Sunday, October 14, 2012

Odyssey Over the Andes

Route Over Andes


Condors

View From Cacique Inacayal Hotel


 

Jan. 14, 2009-By Land and Lake


Clarification about the defibrilator. Tom from Texas has an internal (not external) one and was concerned about airport security since he can't be wanded.

Lots of us had trouble sleeping last night. The streets were noisier and I resorted to earplugs. I dreamed I smelled coffee as I slept. It's smoke. The Andes are burning not far from us.

I had an advantage over David as far as protecting my belongings in the plastic trash bag in the suitcase. David unloaded his stuff onto the bed, put it into the bag, and crammed the bag into his duffel. He suggested I unpack, put the trash bag into the suitcase, then put the clothes into the bag. It was lots easier.

The first bus in our odyssey followed the shore of Lago Llanquihue to the town of Petrohue where we met the catamaran crossing Lago Todos los Santos. I slept until we stopped along the road at Rosales National Park to see Petrohue Falls cascading over lava rock and through the forest. It was the first of many times our bus drivers had to cross plank bridges. I can't imagine how much practice it took to aim those big tires at two boards overlaying and reinforcing an already rickety bridge. The crossing to Peulla was an interminable 1 1/2 hours. Although it was beautiful, there was a sameness to the scenery. There was a diversion while a man who lived on one of the islands rowed out to our boat to get some supplies and rowed home again. It's nothing if not remote.

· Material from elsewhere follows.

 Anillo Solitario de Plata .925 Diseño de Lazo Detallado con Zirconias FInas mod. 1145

We got off the boat in torrential rain and felt smug about our trash bag lined luggage. We hopped on a bus that carried us eight hundred yards to a small hotel where we ate lunch. The choice was pork or salmon. Poor David. Lunch was prolonged by our need to kill time to co-ordinate our next bus ride and the departure of our next boat. But our on again off again plight was complicated by border crossings. We got off the after-lunch bus at Chilean immigration, had our passports stamped, re-boarded and continued over the 3,000 foot high Andes. Several took dramamine in preparation for the winding, bumpy, gravel and dirt "road." David took one and I didn't. Even Fernando gets motion sickness on that road and uses a patch instead of a pill. The trip was seventeen miles long and took about forty-five minutes. It would have taken 1 1/2 hours but the sun had come out and we made good time as we cruised between enormous ancient trees and ferns. The down side was we couldn't see anything but the huge vegetation. The rain forests here are unique in that they manage to flourish and survive the brutal winters. David and I slept.

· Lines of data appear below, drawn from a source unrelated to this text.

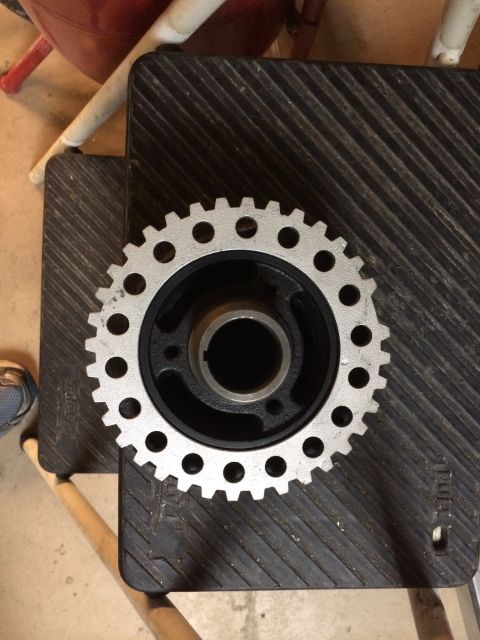 1996 Ford Bronco - Crankshaft pulley shown on a textured surface.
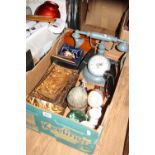A BOX OF COLLECTABLES, including ornamental eggs, treen bowls, boxed jug, clock in the form of a
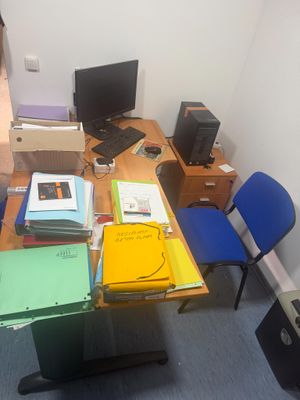 un bureau sur lequel se trouvent un ordinateur, un écran et plusieurs dossiers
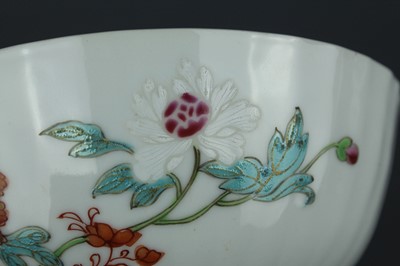 Lot 74 - A Chinese famille rose ”garden and flowers”...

At Puerto Frias we were given numbers and lined up in numerical order to enter Argentina. Some of us couldn't resist singing "Don't Cry For Me Argentina." Our luggage was transferred from the containers it had been traveling in by truck to our next catamaran. That is most luggage got immediately transferred. Laura Lee’s was one of five selected at random for closer scrutiny. When the security agent opened it and saw everything packed in a plastic trash bag he said, "Oh, Grand Circle" and waved her through. We only had a twenty minute crossing on Lago Frias, a green glacial lake.at the entrance to Argentina's Northern Patagonia. Excitement built when a large number of condors were sighted riding the thermals overhead. There were at least eleven and we all rushed to get photos and gawk. They were exceptional even at a distance. A bus waited where we docked in Puerto Alegre and took us two miles to Puerto Blest and our next catamaran. We didn't realize how arduous it would be dragging and carrying our roll aboards from bus to boat and back over docks, gravel, and through mud. I finally settled in on the last boat where I wrote this email up to this point.

Bariloche


Puerto Panuelos welcomed us as we left Lago Manuel Huape in Bariloche. Fernando was home and he seemed happy to show off the town as we rode to our hotel, the Cacique Inacayal. Our rooms overlook the lake and are spacious with enough room to unpack our duffels and get our clothes out of those slippery plastic bags.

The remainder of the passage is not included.